Single Point of Failure
Close the primary silo.
Since the Primary silo contains the MembershipTableGrain, all information about the cluster dies with it. The remaining silos and clients will not recover automatically even if the Primary silo is brought up again. They in turn will have to be restarted. This is because, as we saw earlier, Secondary silos must start after the primary one. When the Primary silo is brought back, it effectively starts a fresh cluster and does not know about any other silos until they join.
Conclusion
We have seen how to get a very basic Orleans cluster working with multiple silos sharing the burden of holding the grains. However, this is hardly an ideal setup because (a) cluster membership information is held in memory and represents a single point of failure, and (b) the fact that I ran all silos on the same machine made them subject to the same physical resource constraints as if I were running a standalone silo.

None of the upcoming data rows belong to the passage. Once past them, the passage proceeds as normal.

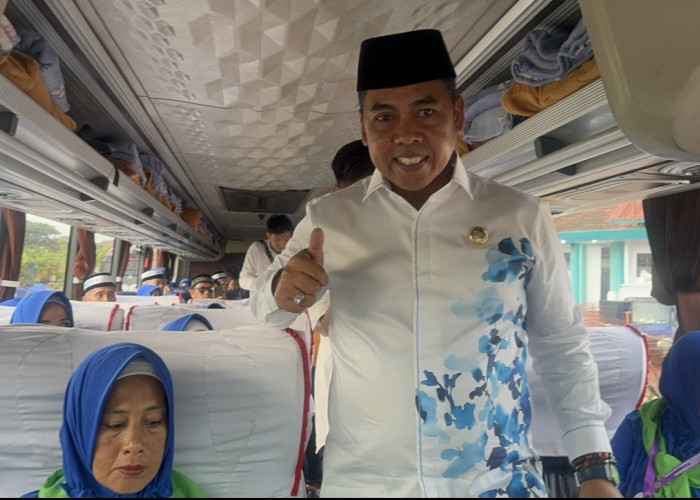 Bupati Wajo Andi Rosman Lepas CJH Kloter 4, Tekankan Kesehatan dan Pelayanan Jamaah Lansia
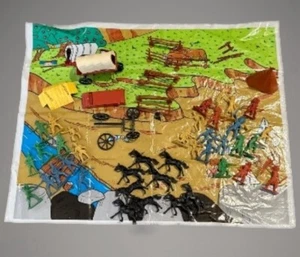 Playset vintage Cowboys Indians in plastica con tappetino da gioco carro recinzione Teepee 50 pezzi - Foto 1 di 10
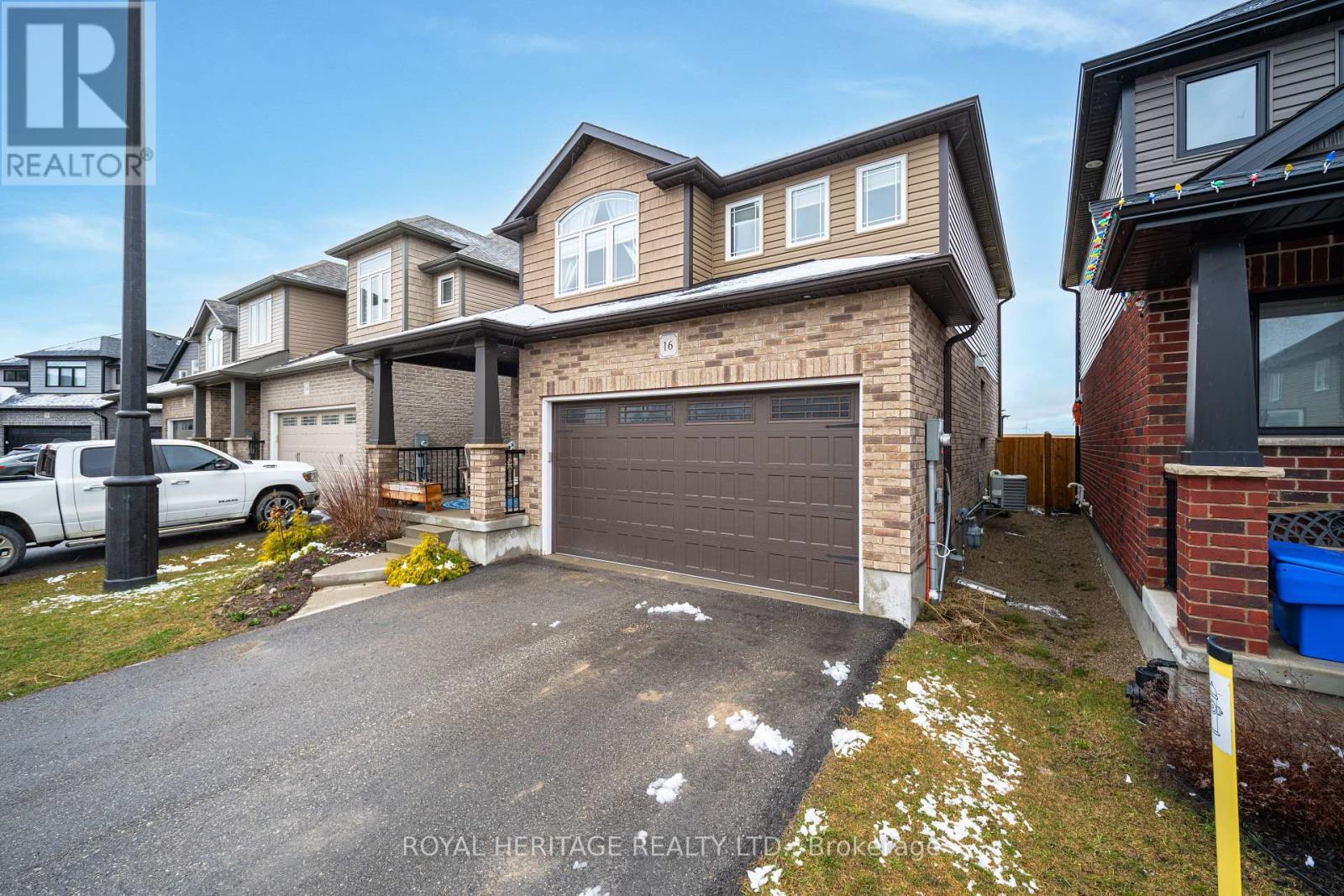 












16 SPARROW CRES

,
East Luther Grand Valley,




Ontario
L9W7P2


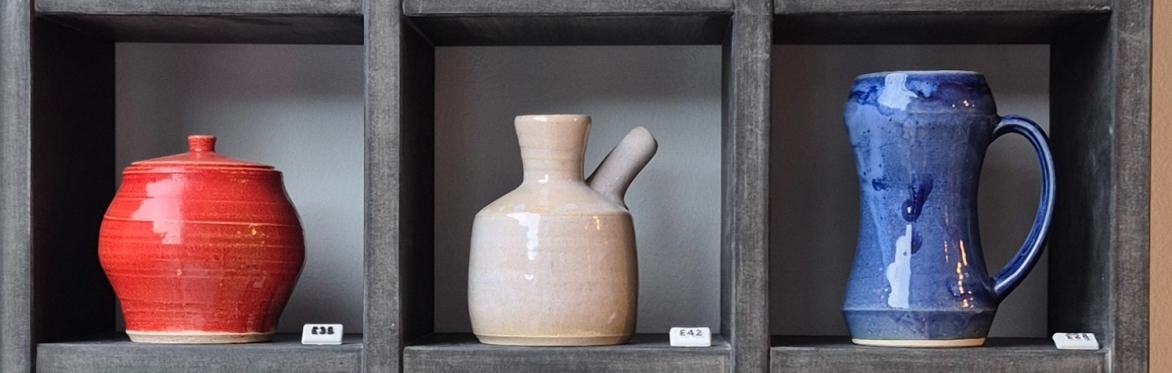 Four week evening course: functional pots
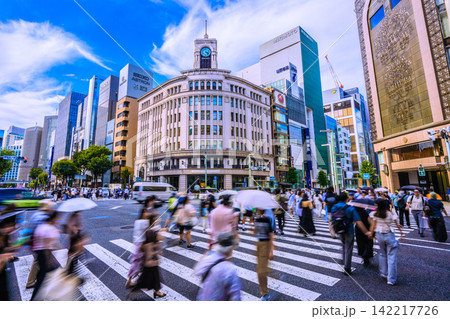 日本の東京都市景観8月18日。東京・銀座。銀座四丁目やセイコーハウス銀座などを望む 日本の東京都市景観8月18日。東京・銀座。銀座四丁目やセイコーハウス銀座などを望む 142217726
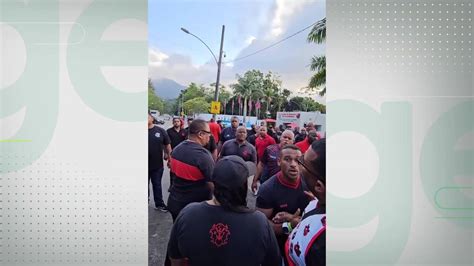 Vídeo Torcedores fazem protesto no Ninho do Urubu antes de treino do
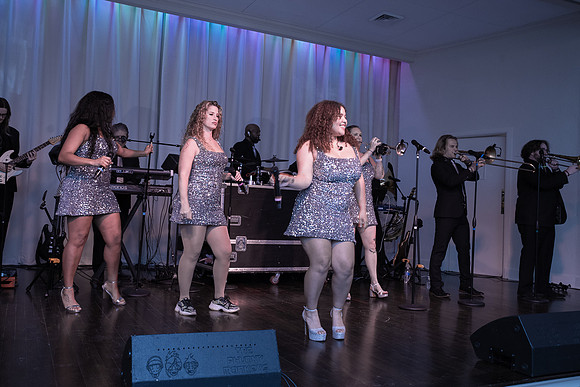 1300DSC03030_EO_FBrez2025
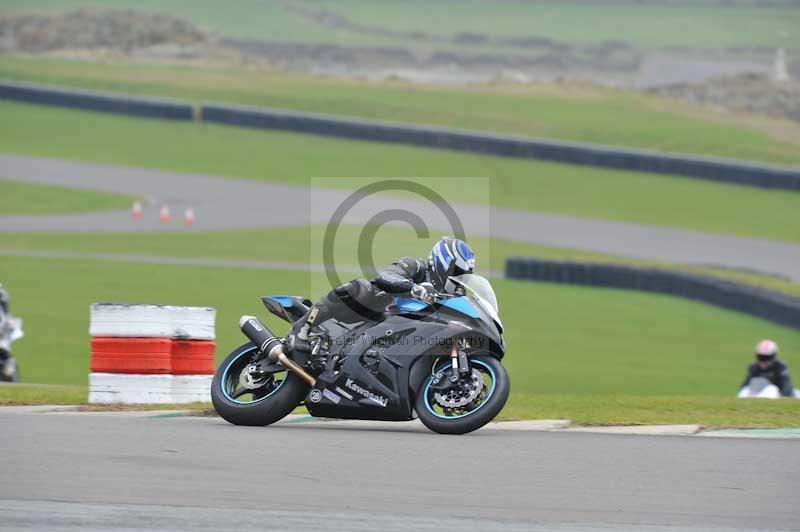 Motorcycle action photographs;anglesey circuit;anglesey trackday photographs;event digital images;eventdigitalimages;no limits trackday;oulton park circuit cheshire;peter wileman photography;trackday;trackday digital images;trackday photos;ty croes circuit wales
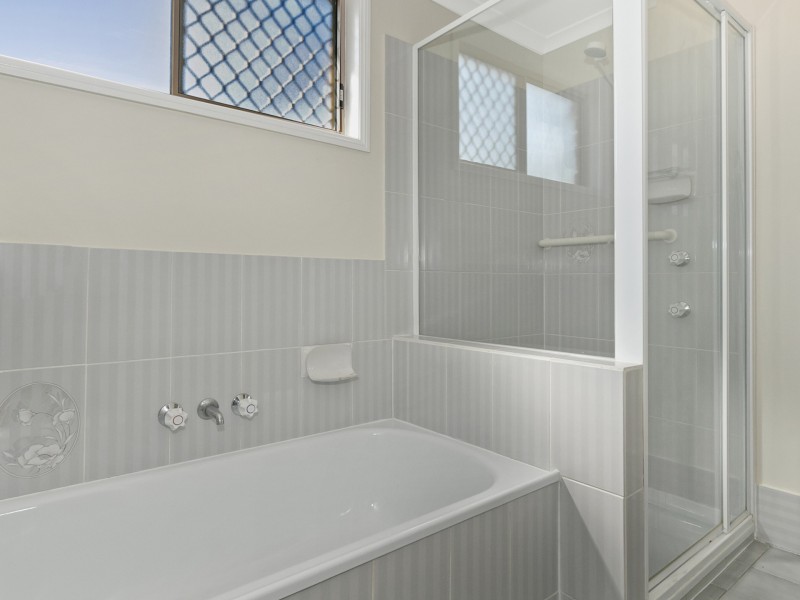 12 Leighton Drive, Edens Landing QLD 4207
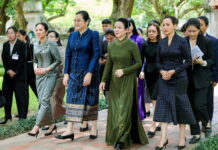 Phu nhân Thủ tướng Lê Minh Hưng cùng Phu nhân Thủ tướng 3 nước thăm Văn Miếu – Quốc Tử Giám Phu nhân Thủ tướng Lê Minh Hưng cùng Phu nhân Thủ tướng 3 nước thăm Văn Miếu - Quốc Tử Giám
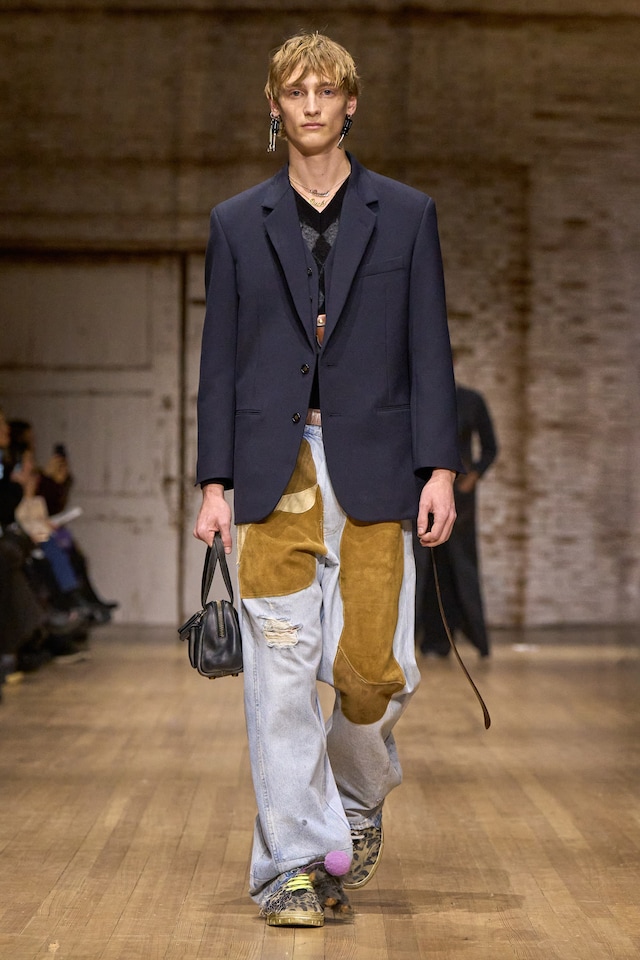 Coach AW25 23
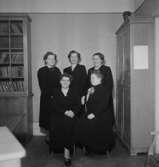 Interiör, damgrupp fem kvinnor.Svenska Örns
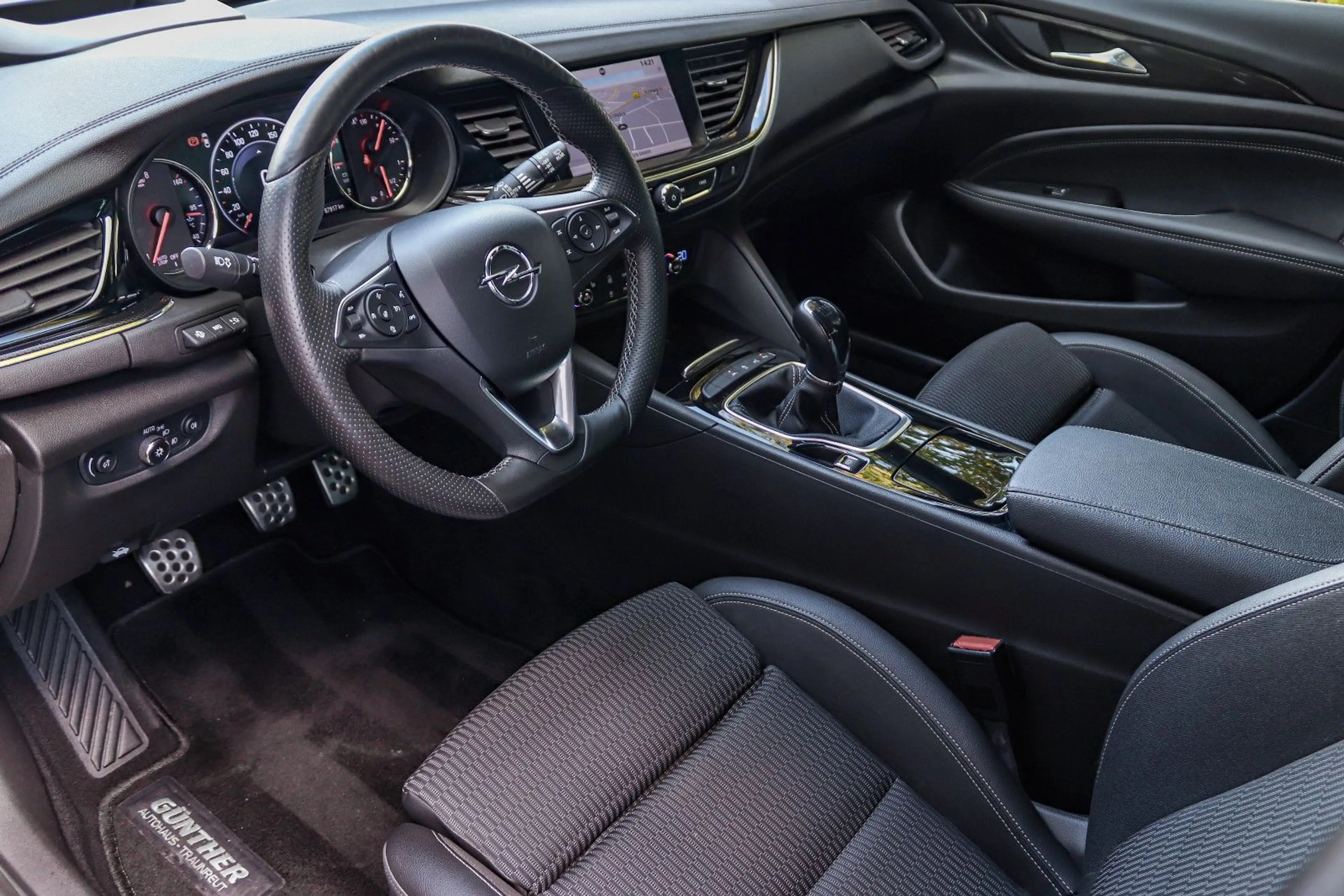 Opel Insignia Tourer*T.LEDER*LED*HUD*KAMERA*SPUR*TOT* — photo 11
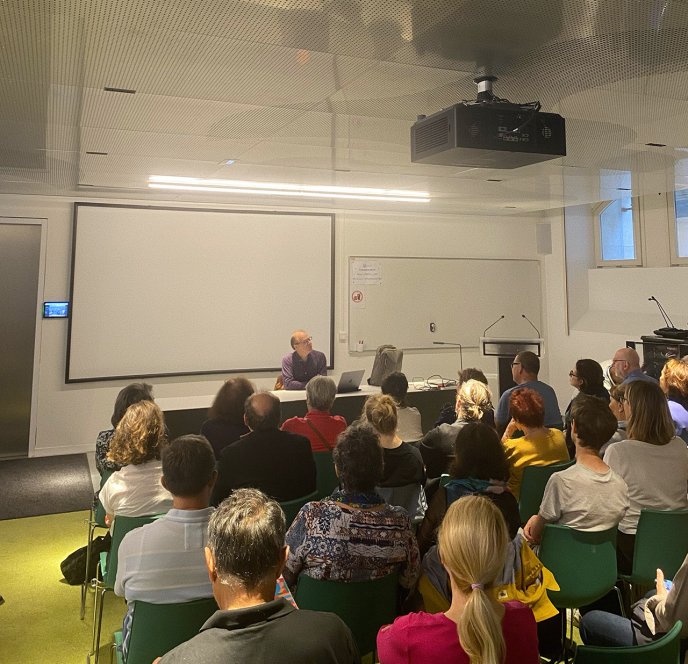 Pr Patrick Boucheron giving a lecture at the JEP 2024 event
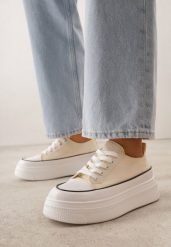 Beżowe Trampki VICES na Grubej Podeszwie Zdobione Lamówką Riosara. Brązowe trampki i tenisówki damskie Born2be, z aplikacjami, z jeansu, bez zapięcia. Za 89.99 zł.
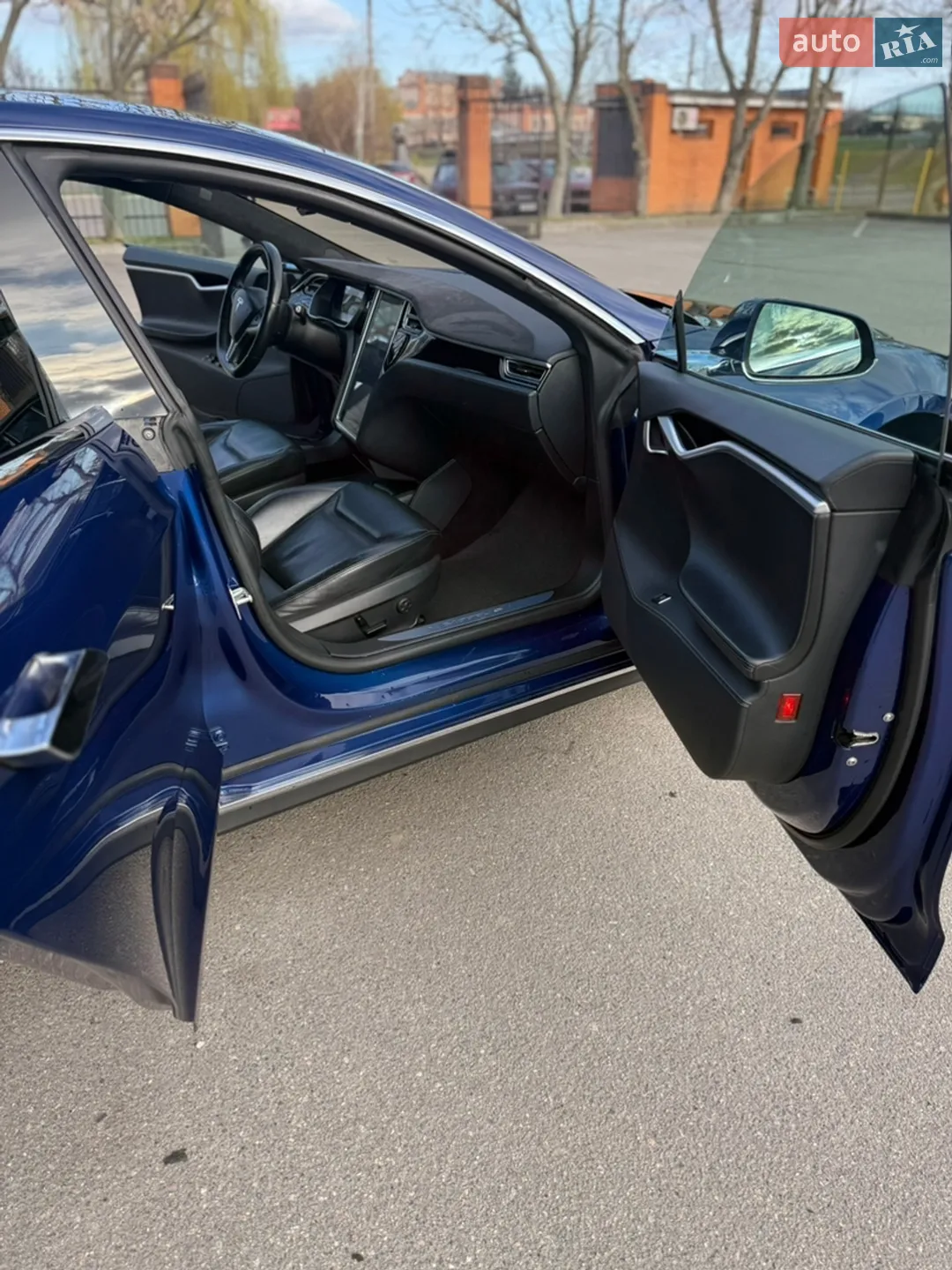 2015 Tesla Model S - мініатюра 14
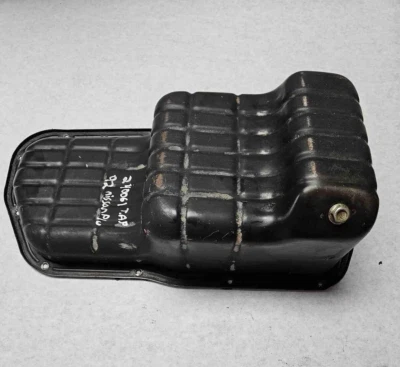 91 92 93 94 95 1990 camioneta Nissan cárter de aceite 2,4 L 4x2 Foto 1 de 4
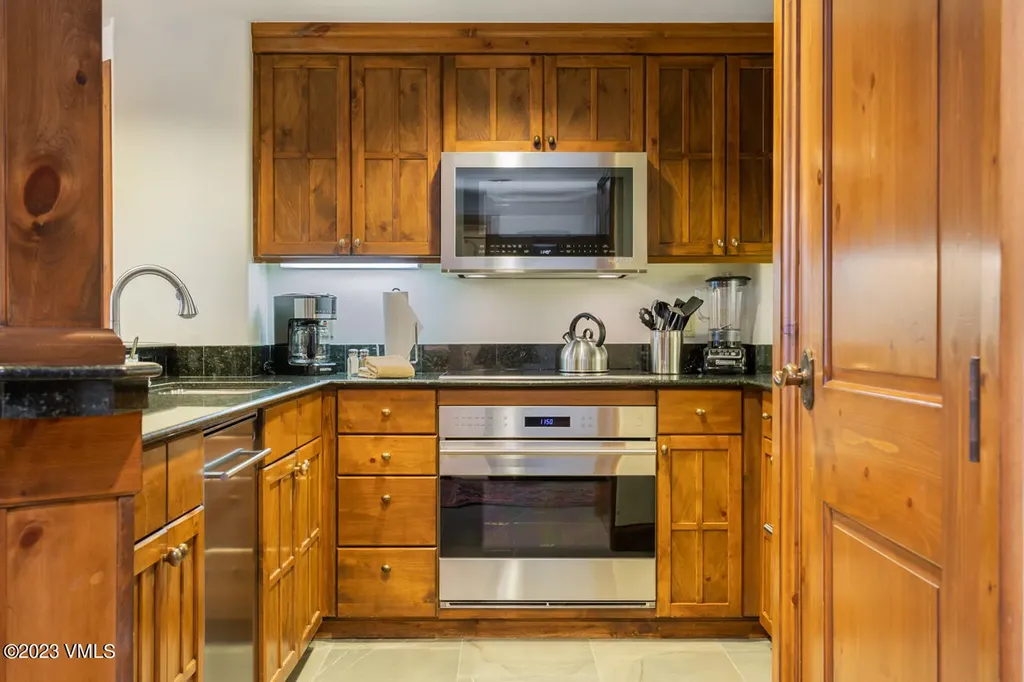 242 E Meadow Drive Vail CO 81657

For better results, run different silos on different machines, and use a decent cluster membership provider. Orleans supports the following:
- MembershipTableGrain (not realiable, use for testing only)
- SQL Server
- Azure Table Storage
- Apache ZooKeeper
- Consul
- DynamoDB
Update 20th June 2017: I am told that Azure Service Fabric should also be supported. As for database implementations of cluster membership, these are not limited to just SQL Server. You may use any supported ADO .NET provider, which at the moment includes SQL Server, MySQL/MariaDB, or PostgreSQL. To clarify: while the PostgreSQL storage provider for grain persistence is not yet available, its use as a cluster membership provider is supported.
Great article. I am trying to do the same with Orleans 2.0. How do I do that ?
I haven’t gone that far with 2.0 yet. 🙂 You’d best ask on the Gitter chat for the time being. They’ll be more than happy to help you out!
OK will do. Thanks !!!